People often ask me if it is really necessary to get up while it’s still dark to watch birds. And I always reassure them that of course not—I see a good number of birds whenever I start out in the day, including the afternoon.
But a special kind of magic in the wee hours in spring and early summer ebbs into the ordinary as the sun emerges. It only partly involves the number of species: if you’re out an hour or half hour before sunrise, you may still be hearing owls; birds most characteristic of twilight such as rails, woodcock, snipe, bitterns, nighthawks, and Le Conte’s Sparrows will be singing and calling and dancing in the sky most reliably; and daytime birds are also piping in, starting and ending with our good old robins, but also including White-throated Sparrows, House Wrens, Brown Thrashers, Baltimore Orioles, Rose-breasted Grosbeaks, and Song and Chipping Sparrows. Sure, if you’re in the right habitat, you can get just about any of these birds later in the morning, except the owls if crows don’t discover them first, but when they first awaken, before it’s light enough to look for breakfast, birds proclaim their existence with a unique and special exuberance before they get caught up in their other daily activities.
The main times in my lifetime that I’ve experienced these pre-dawn choruses have been when I’ve done Big Days, often starting out at 2 am; once a year for two decades when I did my Breeding Bird Surveys; several times a year when I’d stay at my mother-in-law’s in Port Wing, Wisconsin, so I could start out at 4 am on a long and satisfying walk; and during my teaching years in Madison, Wisconsin, when I’d get up at 4 every weekday in April and May to go birding before school started.
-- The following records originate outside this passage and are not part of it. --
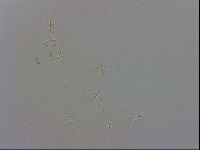 Doryphoribius evelinae image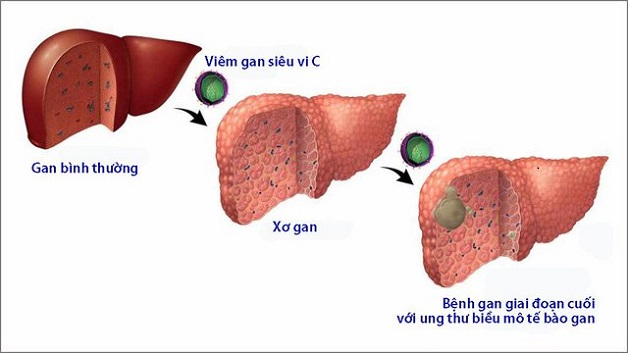 Liệu viêm gan C có lây qua đường ăn uống không?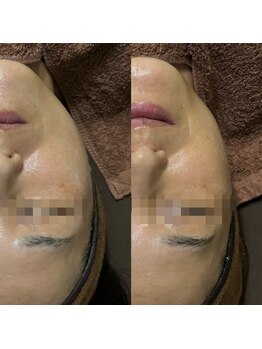 ミヨン(Miyong)/フェイスラインすっきり!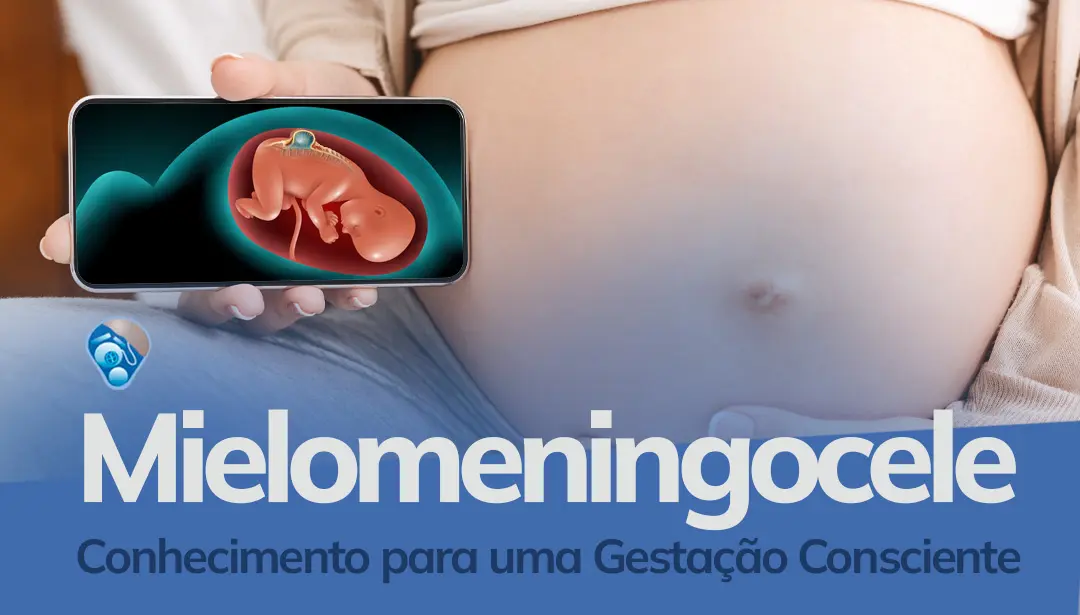 Mielomeningocele: Conhecimento para uma Gestação Consciente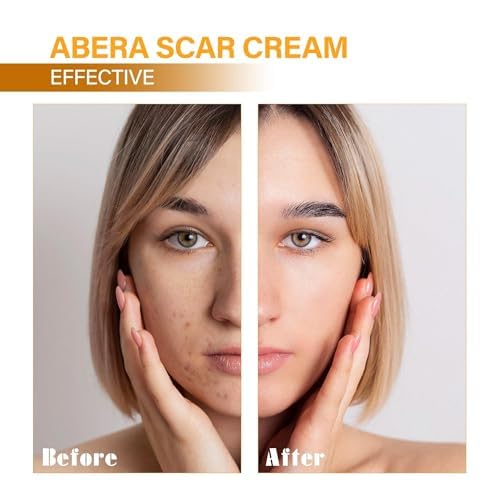 ABERA Scar Removal Cream for Women and Men - Rapid Repair of New Old Scars, Spots, Burns All Natural Treatment with Vitamin E, Alanine, Collagen (1 Box + 3 Eye Patch) ABERA Au supplements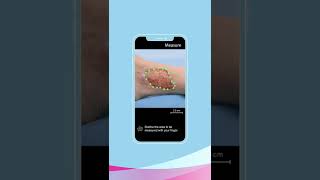 Cutimed Wound Navigator Your smart app for individual wound care English [upl. by Lanctot]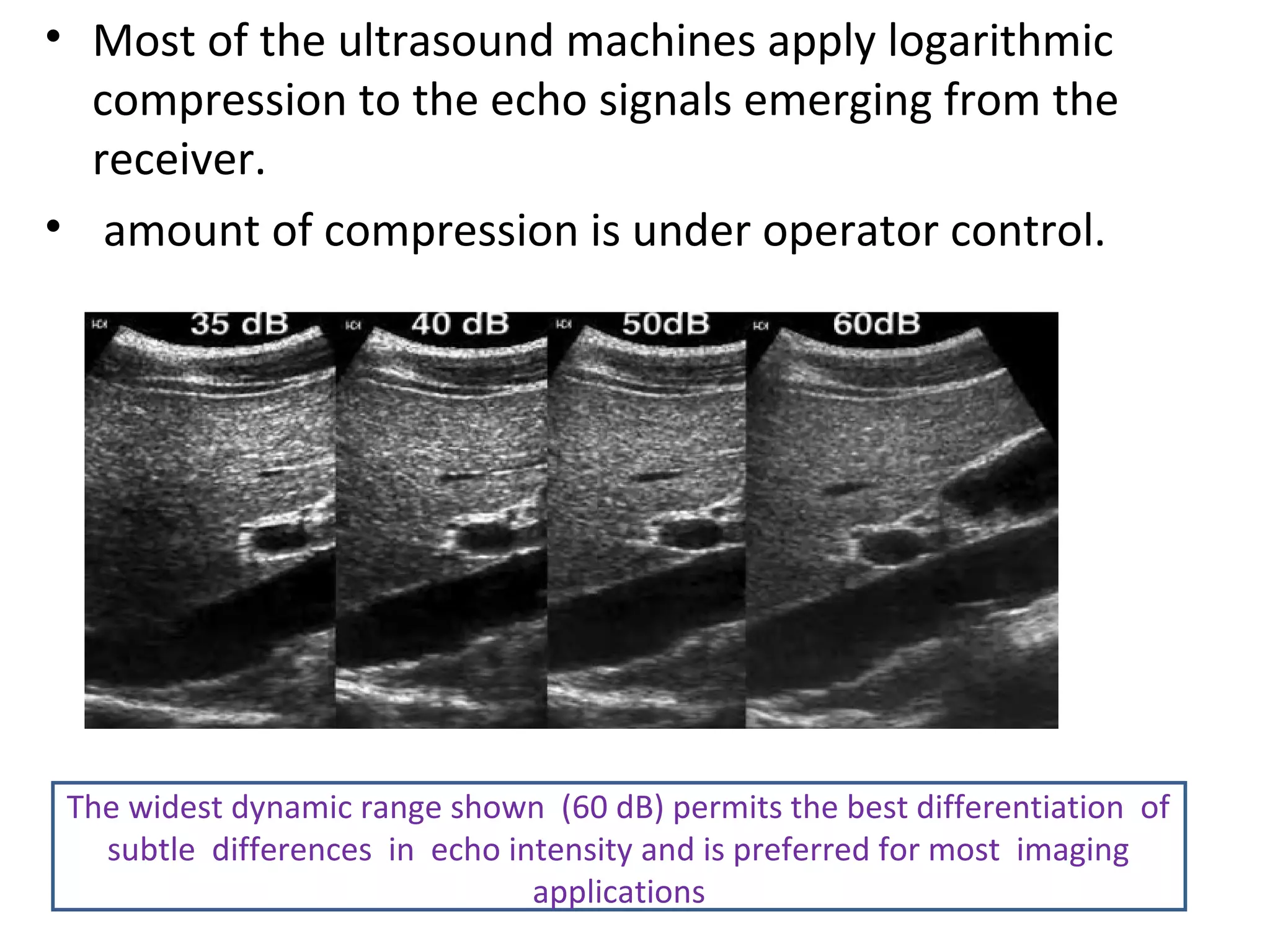 • Most of the ultrasound machines apply logarithmic
compression to the echo signals emerging from the
receiver.
• amount of compression is under operator control.
The widest dynamic range shown (60 dB) permits the best differentiation of
subtle differences in echo intensity and is preferred for most imaging
applications
 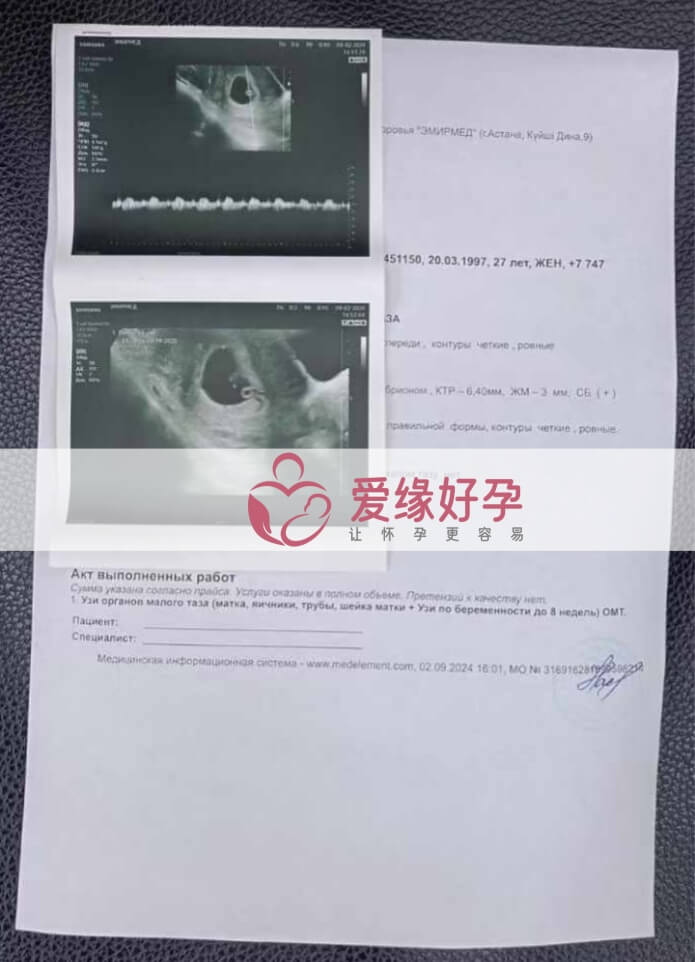 哈萨克斯坦恩泽代孕代母第一次B超产检！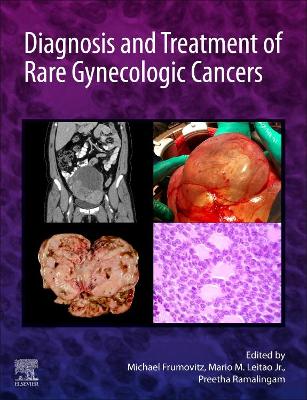 Diagnosis and Treatment of Rare Gynecologic Cancers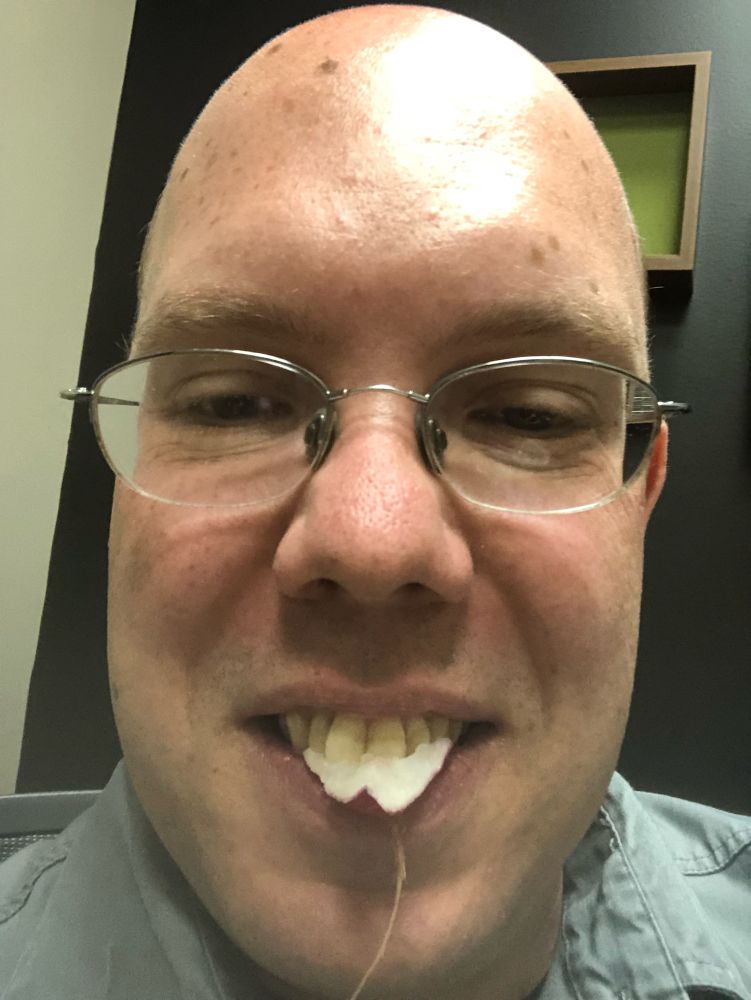 Me in 2019 (bald, clean-shaven, business casual) with half a radish in my teeth.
I obviously couldn’t see many birds in twilight—I usually needed good light to pick out and identify birds visually—but the magical sounds of that pre-dawn chorus started my days with an ethereal beauty I’ve never experienced after the sun comes up.
I took the Cornell Lab of Ornithology’s field recording class in 2001, when Greg Budney was running it and we were staying at a research station in the Sierra Nevadas. That happened to be a year when the extraordinary Donald Kroodsma, an authority on how birds acquire their songs and one of my heroes, was there. At one of our sessions, Greg Budney said we’d be setting out early the next day to experience and record a “dawn chorus.” I’d already experienced plenty of dawn choruses, so I expected him to tell us we’d be getting up at 2, and certainly no later than 3. That was clearly what Don Kroodsma expected, too, but groans from the rest of the group led to a compromise—we wouldn’t even be leaving until 5 am. Sure, that was plenty early to catch a lot of bird song, but it wasn’t the magical experience of a true dawn chorus. (Don reminded me today that he headed up to the site at the proper time and "was finished recording when you all showed up!")
This spring, thanks to the pandemic I haven’t been able to get to any of my beloved places where warblers or Le Conte’s Sparrows abound. And I’m 68 now, way older than I was when I was teaching in my 20s or wending my way around Port Wing in my 30s, 40s and 50s and even into my 60s. But settling for the dawn chorus in my own backyard turned out to be a Good Thing, and this year I did something I’ve never done before, set out my stereo recorder every morning from April 29 through June 6. (On June 7, there was a thunderstorm.)
I don’t set my alarm—Russ doesn’t fall back asleep like he did when he was in his 20s and 30s, and courtesy to our spouses is even more important during a pandemic than the rest of the time. But even without an alarm, and even with our windows closed in the cold, I virtually always woke before 5 and on a few days just after 4 am, so I could catch the best of morning song and listen to the changes from half-hour to half-hour, even though as soon as I set up my recorder, I went back into the house.
My big regret is that I didn’t start doing this earlier—both in terms of this spring, so I could have caught the peak of sparrow migration and recorded some of this year’s Fox Sparrows, and in terms of my life. How I’d have loved to listen to recordings of my mother-in-law’s warblers waking up! And why didn’t I, even once, make a trip before dawn to my favorite Breeding Bird Survey area stops, not to count birds but simply to record them so later I could replay and enjoy their songs?
There’s no time machine for me to go back and correct that, but better late than never. Longevity isn’t a feature of my genetic makeup—few of my blood relatives made it to their 70s, and only a couple to 80, and I’ve already lived a few more years than my brother, godfather, or grandmother, and over a decade and a half more than my sister or father. Thanks to this pandemic, I happen to be in better shape than I’ve been in decades—when I’m sticking to home, it’s been easy to exercise every day, and when I’m not eating on the road, it’s easy to limit myself to healthy foods. I’m feeling great and hope I can last at least a couple more decades. Now that I know how wonderful it is to have these recordings of my own personal birds, I’ll be out there recording them every spring morning I’m lucky enough to experience for years to come.